Data items:
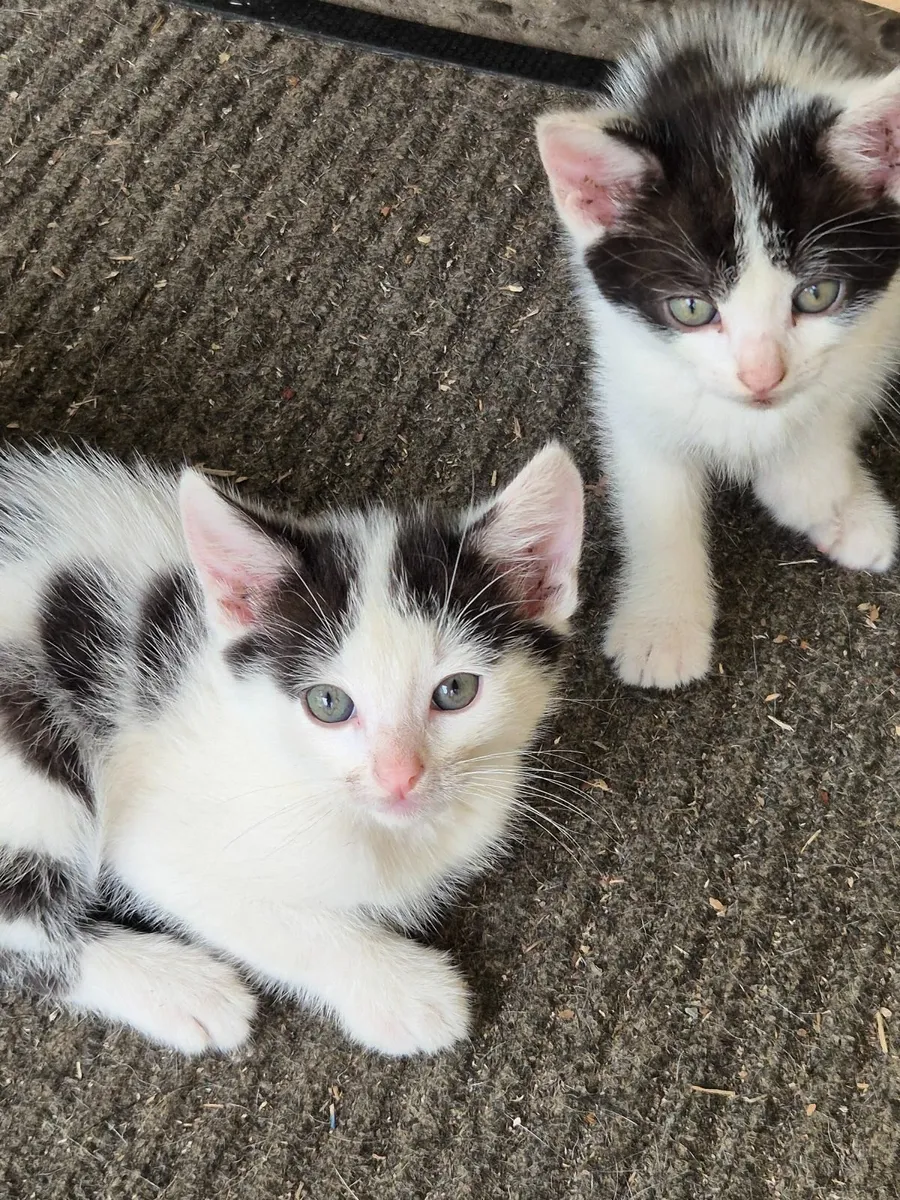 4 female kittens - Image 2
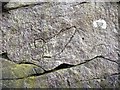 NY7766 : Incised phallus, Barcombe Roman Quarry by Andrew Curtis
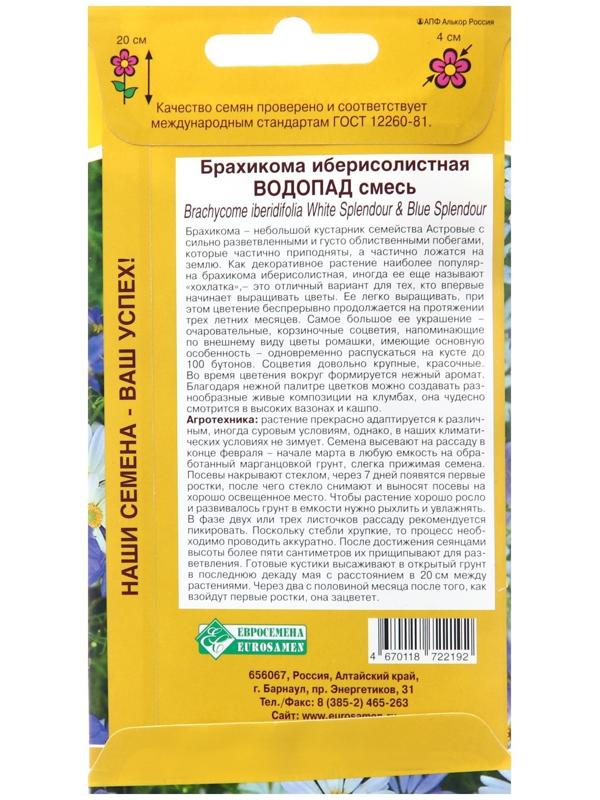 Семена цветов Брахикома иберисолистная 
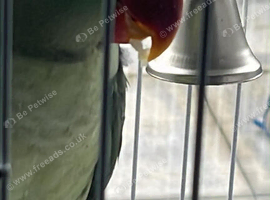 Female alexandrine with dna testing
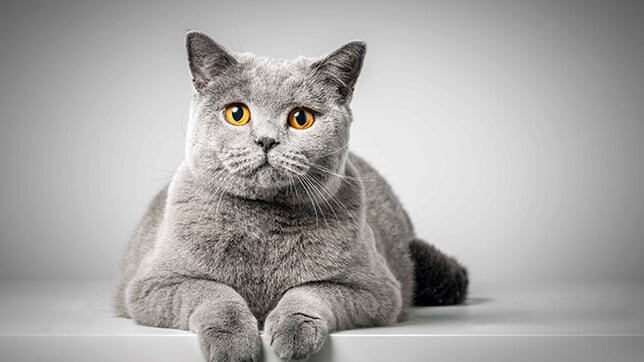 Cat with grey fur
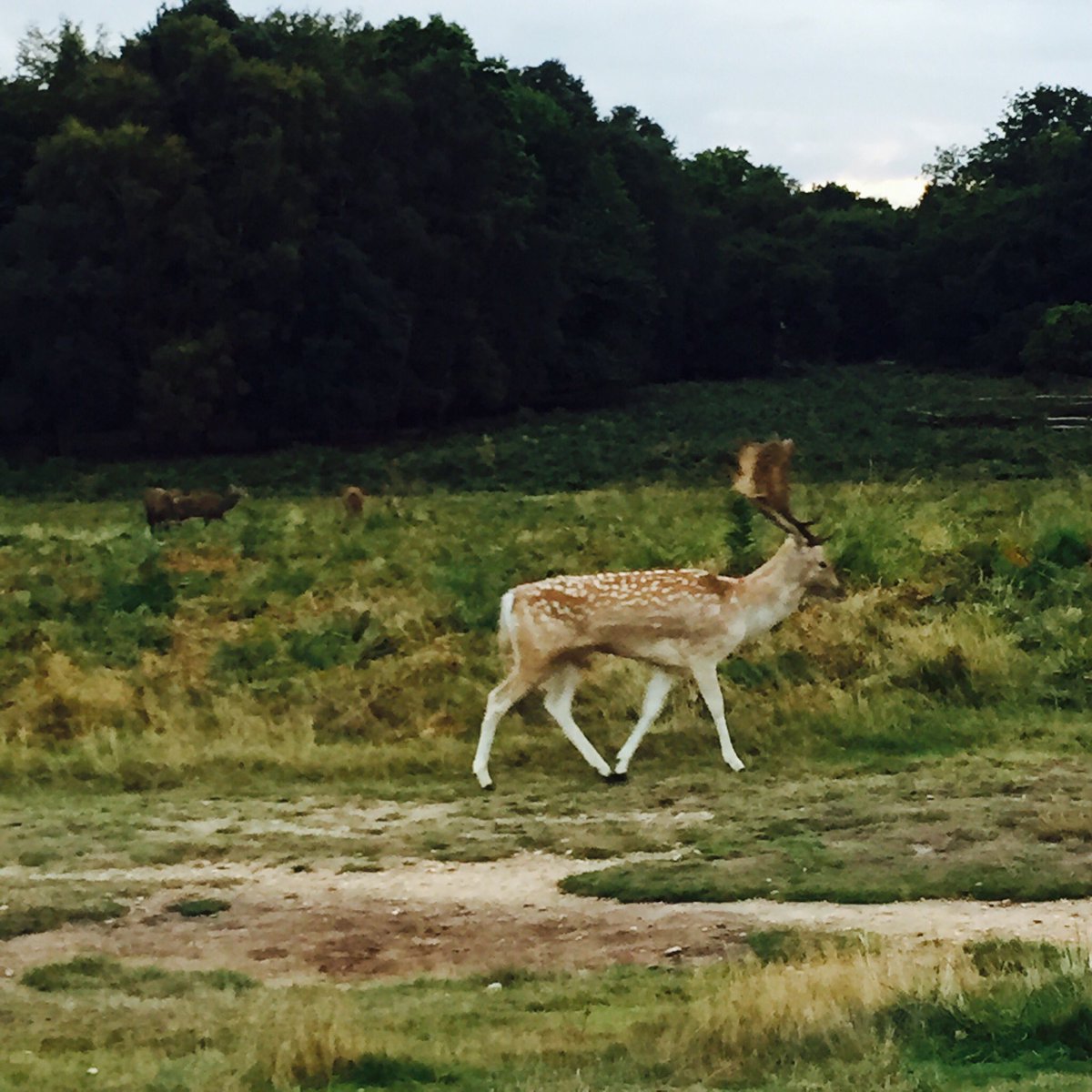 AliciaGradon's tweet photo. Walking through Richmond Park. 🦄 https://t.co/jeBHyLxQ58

__WORK TO BE COMPLETED__: Each record should appear again exactly as it stands, with no picture included.

__EXERCISE ANSWER__:
 4 female kittens - Image 2
 NY7766 : Incised phallus, Barcombe Roman Quarry by Andrew Curtis
 Семена цветов Брахикома иберисолистная 
 Female alexandrine with dna testing
 Cat with grey fur
 AliciaGradon's tweet photo. Walking through Richmond Park. 🦄 https://t.co/jeBHyLxQ58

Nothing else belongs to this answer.